El Orgullo es, precisamente, la lucha contra ese fantasma. El Orgullo es el grito de las que dijeron que no iban a ceder un solo centímetro en ser ellas mismas y tampoco iban a tolerar una sola violencia más por ser quienes eran, y rompieron la negociación lanzando un ladrillo.
El Orgullo es la celebración de nuestras diferencias.
El Orgullo es apagarle un cigarrillo a la normalidad y pisotearla con unos tacones imposibles.
El Orgullo es Manuela Trasobares gritando en su lucidísmo discurso en Canal Nou en 1997, justo antes de estallar la copa contra el suelo, “¿de qué me tengo que disfrazar ahora? ¿De una qué?”.
Madrid, la ciudad que desde hace dos décadas ha convertido el Orgullo en su fiesta patronal, la ciudad que siempre te deja ganar y te guiña un ojo en esta negociación de la identidad, la ciudad cuyos gobernantes llevan décadas tratando sin éxito de limitar y adulterar nuestro Orgullo, ha visto con espanto el cartel con el que el Ayuntamiento de Almeida ha decidido burlarse del Orgullo un año más, como lleva ya varios años haciendo. Y no seamos naif: a menudo acusamos al PP de despolitizar el Orgullo. Pero su agenda con respecto al Orgullo es profundamente política: representar el Orgullo con un tacón rojo, una copa, un condón y confeti mientras el gobierno de Ayuso deroga nuestras leyes es una estrategia perfectamente deliberada para indicarnos quiénes se nos está permitido ser, el recinto controlado del que no se nos va a permitir salir, la carpa del circo dentro de la que se suspende temporalmente la normalidad para poder mirarnos con esparcimiento, sabiendo que no podremos salir de ahí e invadir la realidad cotidiana.
Claro que los tacones, las copas, los condones y el confeti forman parte de nuestro Orgullo. El Orgullo es nuestra fiesta, sí, cuando de verdad es nuestra, en nuestros propios términos, cuando somos protagonistas. Cuando la fiesta es para pasárnoslo bien nosotras, no para vendernos como un espectáculo de circo. Cuando es la reivindicación de nuestras vidas, nuestras identidades, nuestro desafío a la cara de la sociedad, nuestra rebeldía.
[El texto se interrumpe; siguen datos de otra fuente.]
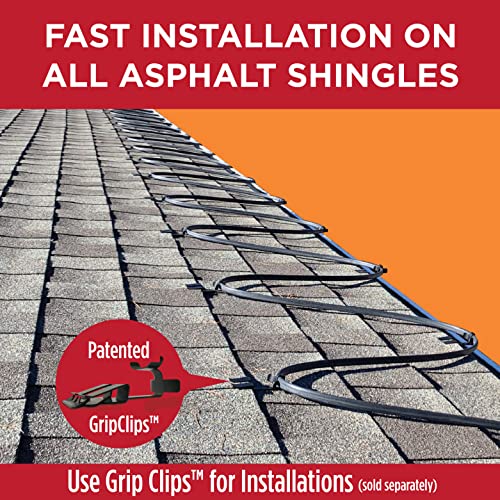 Heat Tape Pro - Self-Regulating Heat Cable - Long Term Ice Dam, Roofing, Gutter & Pipe Freeze Protection - 12 MM, 6 Watts Per Foot (500, 120 Volt) - style: 500 Feet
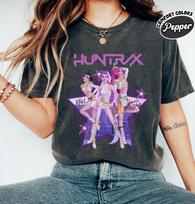 Huntrix Girl Kpop Demon Hunters Kid Shirt Mira Rumi Zoey Tee Huntrix Kids Shirt Kawaii Tshirt Youth Graphic Gift For Daughter M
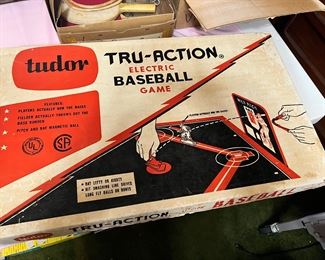 Vintage Tudor Tru-Action Electric Baseball Game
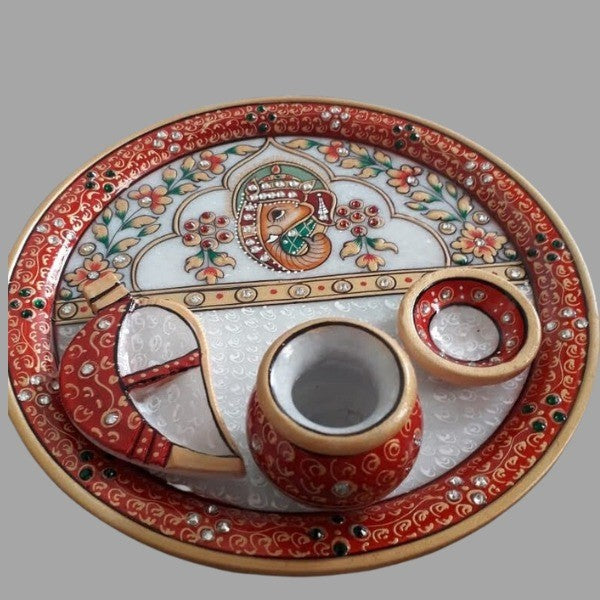 Marble Pooja Plate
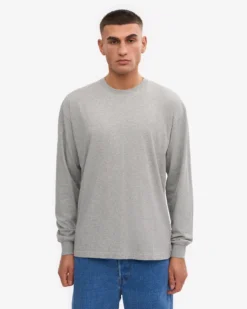 Oversized Organic LS T-Shirt - Faded Khaki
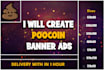 create poocoin banner ads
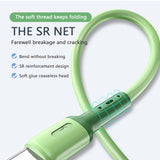 Lightning Cable silicone iPhone Charger Cord MFi Certified for iPhone 11 Pro Max, 11 Pro, X, Xs, Xr, Xs Max, 8, 8 Plus, 7 and More, Ultra Durable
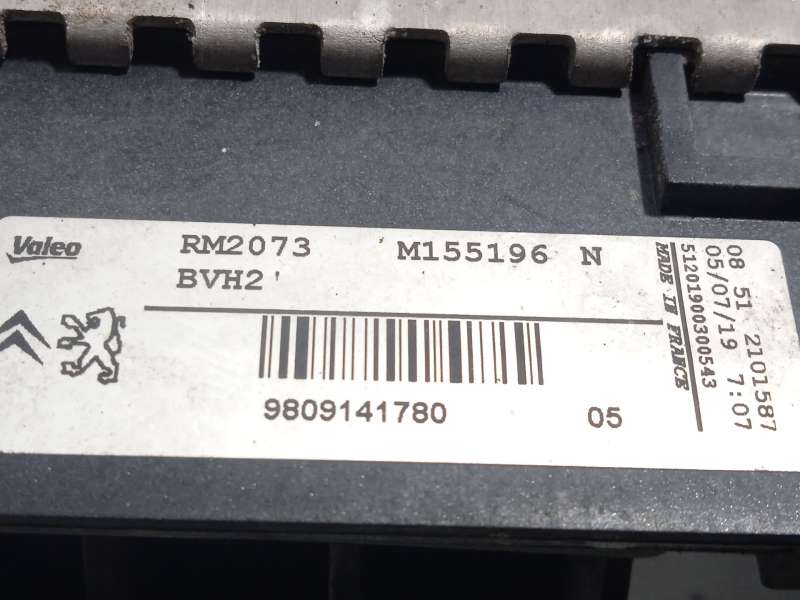 Recambio de radiador agua para peugeot 308 ii (lb_, lp_, lw_, lh_, l3_) 1.5 bluehdi 130 referencia OEM IAM 9809141780 - Gris 3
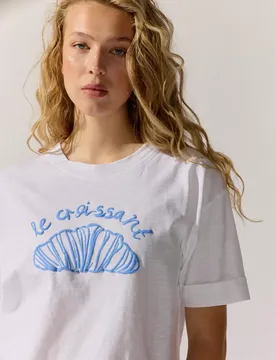 XL T-Shirt`Croissant` female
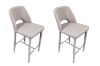 Picture of EVE PU Leather Bar Chair (Champagne) - 2 Chairs as a Set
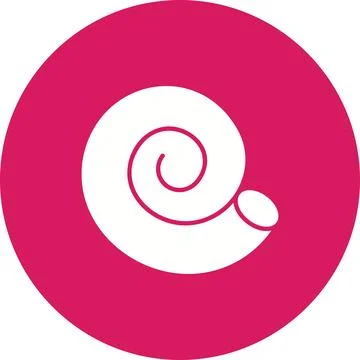 Spiral Shell icon vector image. イラスト素材
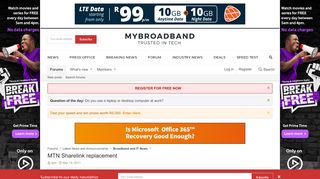 
                            9. MTN Sharelink replacement | MyBroadband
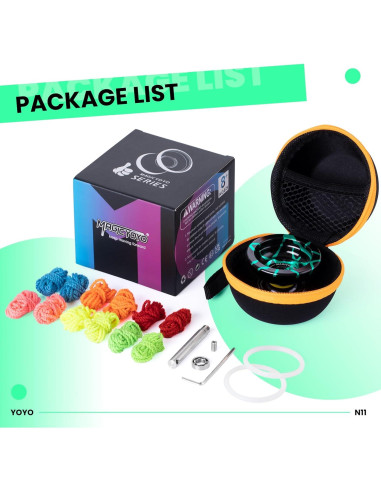 Yoyo Profesional MAGICYOYO N11 Metal Doble Modo 136g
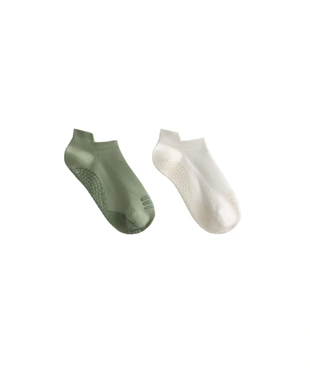 2 PAIRS OF POLYAMIDE BLEND YOGA AND PILATES SNEAKER SOCKS- Заказать в России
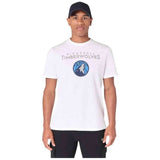 Camiseta De Manga Corta New Era Minnesota Timberwolves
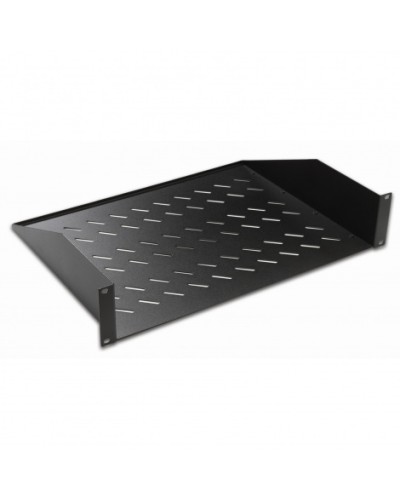 Полка консольная 19, 2U глубина 350мм, нагрузка до 25 кг, чер. Datarex DR-412211 в Ижевске Полки для шкафов и стоек Pintop.ru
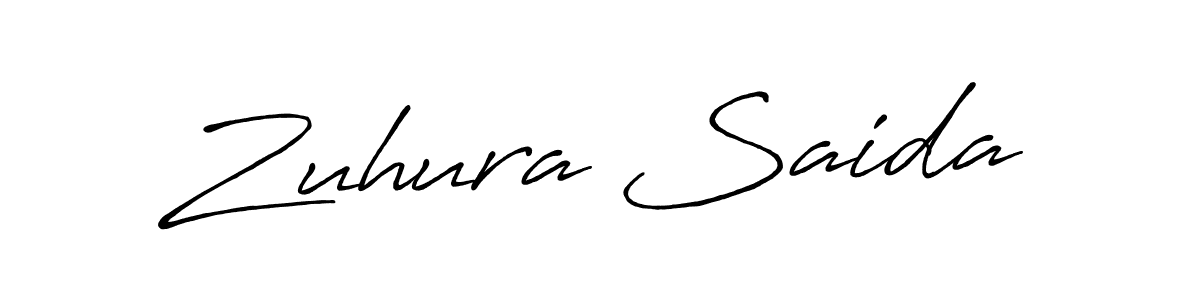 Also You can easily find your signature by using the search form. We will create Zuhura Saida name handwritten signature images for you free of cost using Antro_Vectra_Bolder sign style. Zuhura Saida signature style 7 images and pictures png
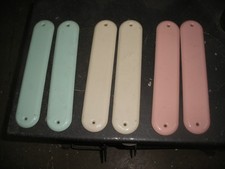 Pair of reclaimed 1950s  / mid century ceramic door finger plates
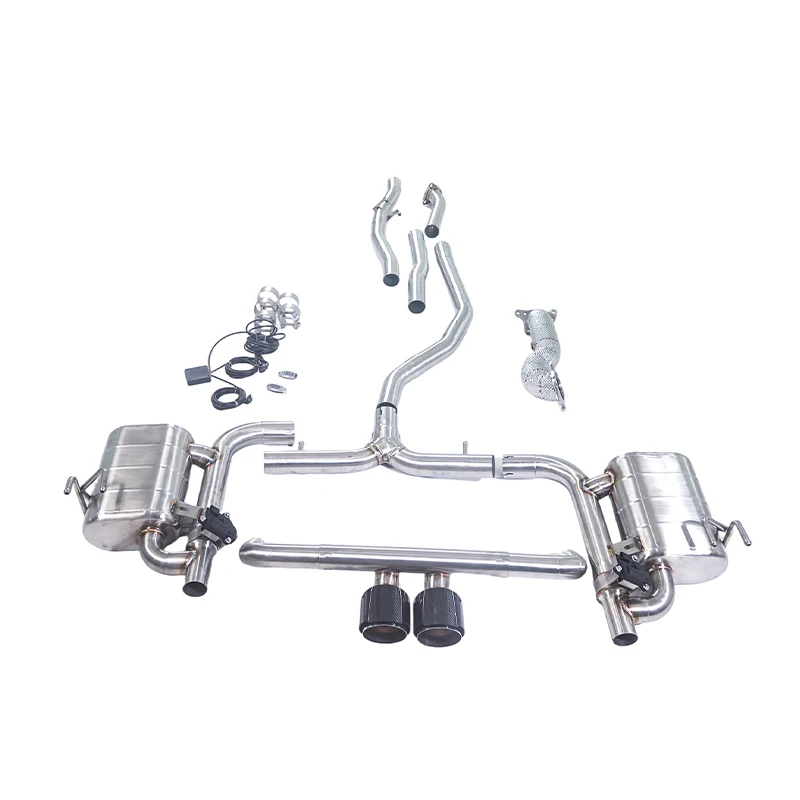 

Полная выхлопная система GFC для Honda Civic 1.5T 2021-2025 – турбо-бэк, с двойными клапанными глушителями, центральный двойной выпускной патрубок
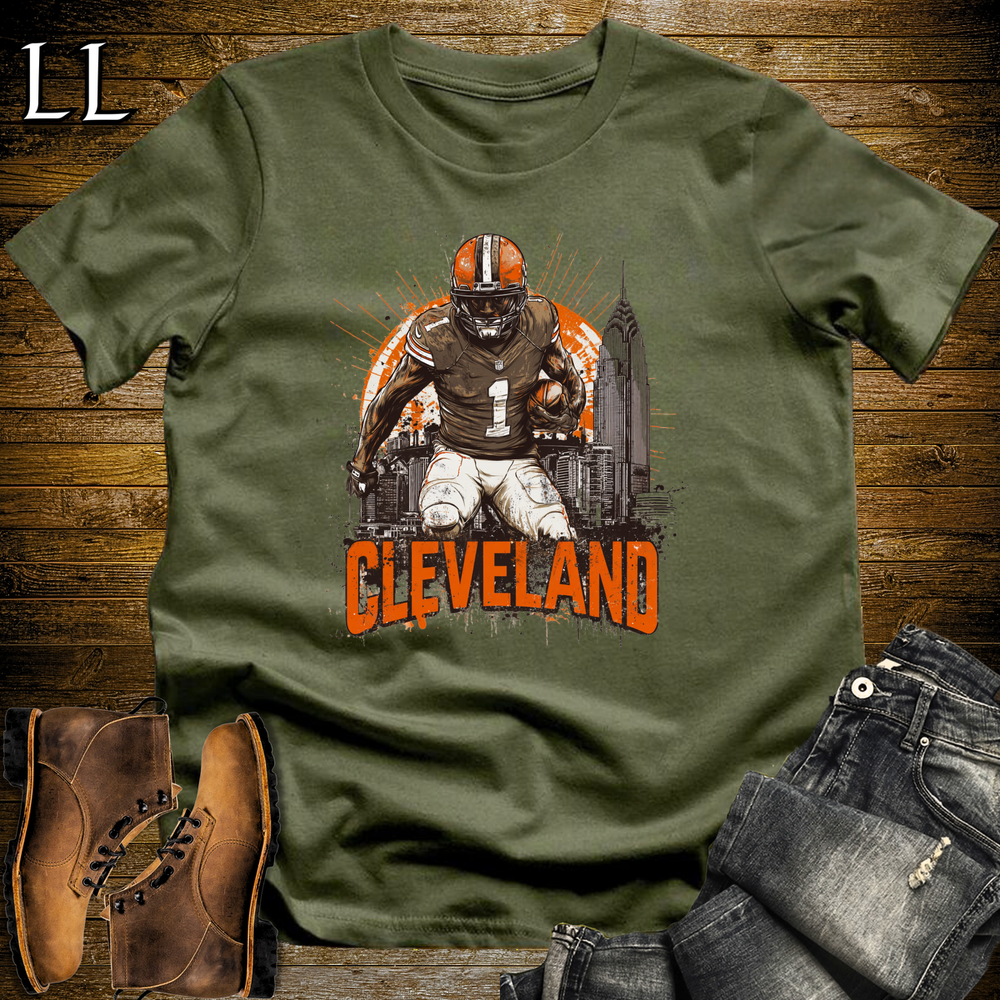 Cleveland Browns Shirt Military Green | NFL Fan Tee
Con los tacones en la mano, la copa derramada y el pintalabios corrido, con toda nuestra alegría y nuestra desvergüenza que tanto pudor les produce a los puritanos.
Aquellos a quienes les parece más peligrosa una drag queen con peluca morada y orejas de elfo que lee cuentos infantiles y habla de respeto e igualdad a niños, niñas, padres y madres en un Centro Cultural, que los neonazis desbocados que protestan fuera, nunca van a entender nuestro Orgullo porque son quienes más han cedido a lo largo de sus vidas en esa perversa negociación con la normalidad.
El Orgullo es una fiesta, una celebración, una manifestación, una reivindicación, un sentimiento, es todas esas cosas y muchas más pero, sobre todo, en todas sus formas y manifestaciones, el Orgullo es un cuestionamiento de la normalidad y una dignificación de las diferencias, y debe seguir siendo profunda e intrínsecamente político y transformador.